AFRIQUE / CULTURE DES CHAMPIGNONS : LA MINE D’OR PEU EXPLOITEE DU CONTINENT


La cueillette saisonnière de champignons est une pratique très répandue. Une bonne partie des africains ignore qu’elle peut produire eux même des champignons comestibles. Depuis une vingtaine d’années, quelques producteurs africains ont décidé d’en faire leur cheval de bataille. Leur succès est un appel à plus d’initiatives dans le domaine.

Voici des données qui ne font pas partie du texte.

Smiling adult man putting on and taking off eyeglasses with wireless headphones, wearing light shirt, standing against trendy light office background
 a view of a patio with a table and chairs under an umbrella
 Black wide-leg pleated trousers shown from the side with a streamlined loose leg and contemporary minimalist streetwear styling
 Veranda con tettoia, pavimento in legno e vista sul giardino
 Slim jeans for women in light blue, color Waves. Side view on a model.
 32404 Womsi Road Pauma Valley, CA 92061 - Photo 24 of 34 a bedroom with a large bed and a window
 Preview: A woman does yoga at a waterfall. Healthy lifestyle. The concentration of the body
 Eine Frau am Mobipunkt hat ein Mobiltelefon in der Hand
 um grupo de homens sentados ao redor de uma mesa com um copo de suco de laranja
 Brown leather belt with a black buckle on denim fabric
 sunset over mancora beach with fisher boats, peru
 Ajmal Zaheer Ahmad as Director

La myciculture ou culture des champignons est très à la mode actuellement. Les producteurs aguerris encouragent les profanes à investir dans ce mode d’agriculture. Au Cameroun, beaucoup de formations sont organisées dans ce sens. Cet engouement pour la culture des champignons est justifié. En effet, les champignons sont utilisés dans la gastronomie et en pharmacie. Les champignons sont vendus en kilogrammes à des prix très intéressants « 3000 FCFA pour un kilogramme de champignons frais, et 5000 FCFA pour un kilogramme de champignons secs » comme le révèle Loba Zakari de la Côte d’ivoire. Ce revenu est très intéressant pour les producteurs. Car, ils produisent une centaine de kilogrammes de pleurotes, de shiitake ou encore d’auriculaires (quelques espèces) par mois.

La production de champignon à petite ou à grande échelle est plutôt simple. Le travail se fait en trois phases selon Loba Zakari : « Pour commencer, il y a l’incubation en chambre noire. Les sachets de sciure et de semences sont placés sur les étagères. Deux fois par jour, les ouvriers arrosent. Et après trois mois, quand les racines se sont formées, on sort les sachets pour les placer en chambre de production.» En 2010, les producteurs du GIC PROMOCHAMP au Cameroun révélaient avoir investi près de 6 millions de FCFA dans l’achat du matériel nécessaire pour leurs fermes champignonnières. Son promoteur, Thierry Fotso affirmait à l’époque que cet investissement était très onéreux même pour un groupement de producteurs. Mais en fin de compte, « une fois que vous avez obtenu la logistique de production, vous avez 5 mois pour rentrer dans vos dépenses. La marge bénéficiaire intervient généralement après le sixième mois. Mais cela dépend de la grosseur de votre structure de production ». a-t-il ajouté.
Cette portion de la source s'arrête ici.